> **Aim of the task**: Copy out all the lines of the data precisely, omitting any pictures.

> **Data**:

--------

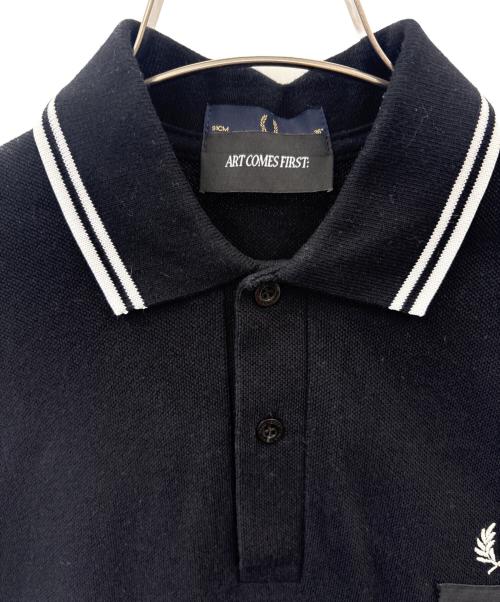 FRED PERRY（フレッドペリー）FRED PERRY (フレッドペリー) ART COMES FIRST (アートカムズファースト) FRED PERRY　ART COMES FIRST　ポロシャツ ブラック サイズ:36の古着・服飾アイテム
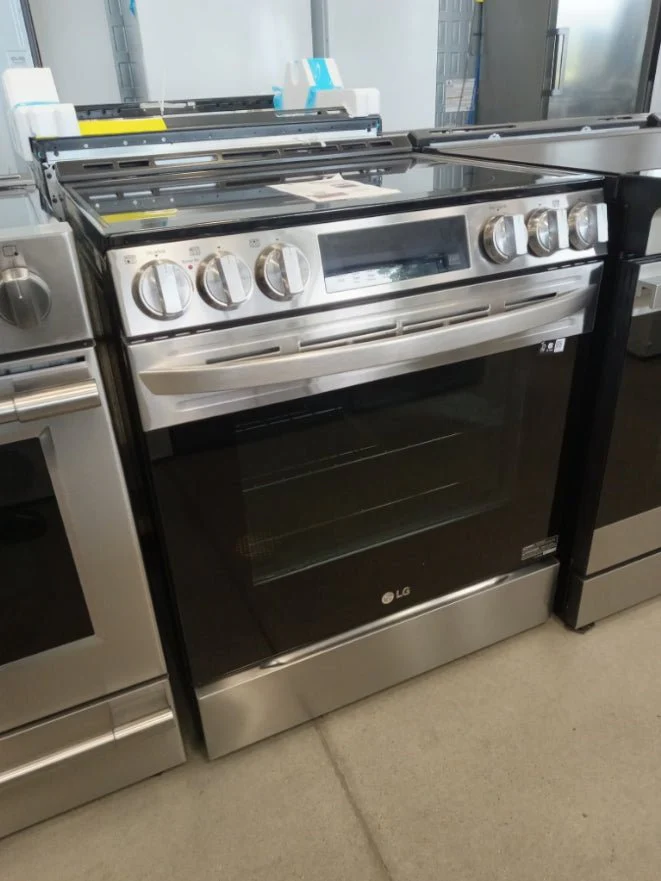 LSEL6333F - RANGES - LG - Electric - Stainless Steel - Open Box - Image 2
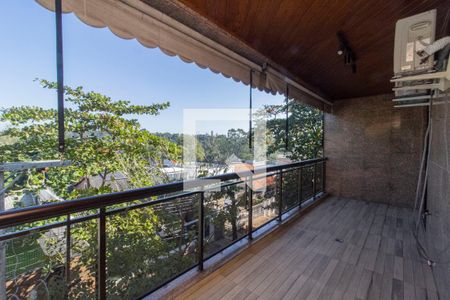 Apartamento à venda com 105m², 3 quartos e 2 vagasVaranda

--------

> **Solution for this problem**:
 FRED PERRY（フレッドペリー）FRED PERRY (フレッドペリー) ART COMES FIRST (アートカムズファースト) FRED PERRY　ART COMES FIRST　ポロシャツ ブラック サイズ:36の古着・服飾アイテム
 LSEL6333F - RANGES - LG - Electric - Stainless Steel - Open Box - Image 2
 Apartamento à venda com 105m², 3 quartos e 2 vagasVaranda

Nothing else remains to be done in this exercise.